* _YOUR TASK_:
Look in the material below for the line holding "Bastelwerkzeug von MinnowXY". Set it down exactly, with each later line up to and including the line holding "Smartwatch Gravity GT15-9".

* _DATA TO EXAMINE_:
*** Begin section ***
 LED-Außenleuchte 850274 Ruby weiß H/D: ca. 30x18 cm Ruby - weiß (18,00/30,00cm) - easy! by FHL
*** End section ***
*** Begin section ***
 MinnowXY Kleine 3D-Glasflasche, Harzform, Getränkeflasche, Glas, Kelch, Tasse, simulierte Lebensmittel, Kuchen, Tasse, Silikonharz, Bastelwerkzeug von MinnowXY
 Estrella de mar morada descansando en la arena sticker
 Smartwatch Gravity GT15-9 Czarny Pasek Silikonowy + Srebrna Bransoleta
*** End section ***
*** Begin section ***
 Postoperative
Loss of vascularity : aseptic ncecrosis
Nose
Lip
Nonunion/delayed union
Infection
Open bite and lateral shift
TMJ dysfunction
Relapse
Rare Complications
*** End section ***
* _EXERCISE ANSWER_:
 MinnowXY Kleine 3D-Glasflasche, Harzform, Getränkeflasche, Glas, Kelch, Tasse, simulierte Lebensmittel, Kuchen, Tasse, Silikonharz, Bastelwerkzeug von MinnowXY
 Estrella de mar morada descansando en la arena sticker
 Smartwatch Gravity GT15-9 Czarny Pasek Silikonowy + Srebrna Bransoleta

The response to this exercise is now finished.